Once you’ve answered these questions and set your moral code, just try to live up to it as best you can. But if now and again you defy one of those morals, let yourself, and just move on. There’s a part of our Anglican church service every week where, without fail, we admit to sinning:
“[W]e confess that we have sinned against you in thought, word, and deed, by what we have done, and by what we have left undone. We have not loved you with our whole heart; we have not loved our neighbors as ourselves. We are truly sorry and we humbly repent…”
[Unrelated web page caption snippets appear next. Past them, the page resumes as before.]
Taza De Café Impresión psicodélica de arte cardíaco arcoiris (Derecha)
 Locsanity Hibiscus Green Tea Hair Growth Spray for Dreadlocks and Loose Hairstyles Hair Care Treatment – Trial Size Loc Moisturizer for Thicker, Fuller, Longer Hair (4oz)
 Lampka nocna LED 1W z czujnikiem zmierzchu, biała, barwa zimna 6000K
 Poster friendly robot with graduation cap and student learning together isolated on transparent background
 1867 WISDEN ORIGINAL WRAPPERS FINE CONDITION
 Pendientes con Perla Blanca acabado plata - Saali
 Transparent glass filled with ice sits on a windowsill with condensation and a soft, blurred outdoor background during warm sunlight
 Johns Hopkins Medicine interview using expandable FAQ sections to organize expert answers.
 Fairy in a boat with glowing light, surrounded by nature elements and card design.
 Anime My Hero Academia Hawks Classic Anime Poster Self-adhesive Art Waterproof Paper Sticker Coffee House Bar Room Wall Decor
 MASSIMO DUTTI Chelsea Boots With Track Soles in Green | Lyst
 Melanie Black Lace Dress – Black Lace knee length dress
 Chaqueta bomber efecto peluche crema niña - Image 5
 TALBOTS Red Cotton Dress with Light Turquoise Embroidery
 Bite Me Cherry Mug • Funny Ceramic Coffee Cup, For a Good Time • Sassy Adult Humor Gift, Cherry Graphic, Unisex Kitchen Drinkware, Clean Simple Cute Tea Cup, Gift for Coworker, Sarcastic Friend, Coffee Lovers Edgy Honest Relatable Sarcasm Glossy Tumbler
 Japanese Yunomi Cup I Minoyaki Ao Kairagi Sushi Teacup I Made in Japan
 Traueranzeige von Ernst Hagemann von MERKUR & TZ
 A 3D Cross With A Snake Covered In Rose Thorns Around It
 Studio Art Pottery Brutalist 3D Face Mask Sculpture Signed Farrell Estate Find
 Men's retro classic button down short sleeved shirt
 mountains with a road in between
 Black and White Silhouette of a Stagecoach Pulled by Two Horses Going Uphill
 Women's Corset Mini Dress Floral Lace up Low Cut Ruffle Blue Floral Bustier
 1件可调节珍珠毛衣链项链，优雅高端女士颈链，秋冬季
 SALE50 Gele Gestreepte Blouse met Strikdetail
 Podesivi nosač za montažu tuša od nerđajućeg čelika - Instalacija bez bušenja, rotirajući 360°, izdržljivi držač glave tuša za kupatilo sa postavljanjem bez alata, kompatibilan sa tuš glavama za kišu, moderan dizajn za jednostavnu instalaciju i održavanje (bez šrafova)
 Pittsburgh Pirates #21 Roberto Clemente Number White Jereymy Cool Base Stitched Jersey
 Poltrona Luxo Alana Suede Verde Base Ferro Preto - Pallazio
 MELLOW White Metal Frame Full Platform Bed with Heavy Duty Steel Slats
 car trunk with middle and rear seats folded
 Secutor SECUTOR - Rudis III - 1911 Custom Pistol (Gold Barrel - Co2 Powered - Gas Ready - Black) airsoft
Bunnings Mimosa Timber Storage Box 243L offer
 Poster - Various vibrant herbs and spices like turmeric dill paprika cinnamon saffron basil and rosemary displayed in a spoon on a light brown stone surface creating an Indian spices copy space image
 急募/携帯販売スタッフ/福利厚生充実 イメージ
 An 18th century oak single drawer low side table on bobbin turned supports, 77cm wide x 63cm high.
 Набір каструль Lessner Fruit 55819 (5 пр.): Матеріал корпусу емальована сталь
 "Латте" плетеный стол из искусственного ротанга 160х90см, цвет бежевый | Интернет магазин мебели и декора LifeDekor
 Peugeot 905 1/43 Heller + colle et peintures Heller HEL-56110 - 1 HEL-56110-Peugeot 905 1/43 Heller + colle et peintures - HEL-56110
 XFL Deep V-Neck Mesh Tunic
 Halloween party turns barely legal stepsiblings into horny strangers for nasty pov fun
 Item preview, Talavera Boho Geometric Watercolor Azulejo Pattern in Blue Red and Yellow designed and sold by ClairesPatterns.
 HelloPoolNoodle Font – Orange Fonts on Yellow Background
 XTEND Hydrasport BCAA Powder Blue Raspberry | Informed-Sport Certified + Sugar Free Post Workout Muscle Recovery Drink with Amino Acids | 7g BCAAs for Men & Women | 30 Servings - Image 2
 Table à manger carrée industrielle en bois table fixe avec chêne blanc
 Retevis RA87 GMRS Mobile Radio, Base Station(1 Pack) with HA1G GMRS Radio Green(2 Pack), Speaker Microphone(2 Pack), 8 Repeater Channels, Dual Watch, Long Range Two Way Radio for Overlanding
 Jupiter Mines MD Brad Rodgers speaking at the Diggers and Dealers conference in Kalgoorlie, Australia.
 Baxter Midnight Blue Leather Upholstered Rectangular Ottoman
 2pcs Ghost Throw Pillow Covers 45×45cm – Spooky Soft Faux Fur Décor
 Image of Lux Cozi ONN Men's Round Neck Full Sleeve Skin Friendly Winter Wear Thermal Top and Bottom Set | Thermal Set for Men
This is said every week without fail, regardless of whether you ‘think’ you have been very well-behaved that week and haven’t sinned at all. I remember the first time I attended service and saw that everyone was expected to recite that – not just those who believed they had erred – and I was a bit offended. He is just assuming we’ve done wrong, I thought. Then I realized that of course, of course we have because as humans we are sinning beings.
This isn’t just religious in context; I just wanted to provide you with an example. The point is no one is perfect, no one manages to go a whole week without sinning, no one manages to live up to the morals they profess and live by 100% of the time. But we will all be much better people for trying. In my mind, to live guiltlessly is to live peacefully, and that is why I have peppered this post with some photos I’ve taken in the past few years that say “peace” to me.
So let’s do our best but not beat ourselves up in the process. This blog is hopefully going to be equal parts fun, pretty, a bit of light relief, informative and welcoming (I really hope!) but it will be 100% guilt-free (except for that small percent where I’ll fail at that … :)).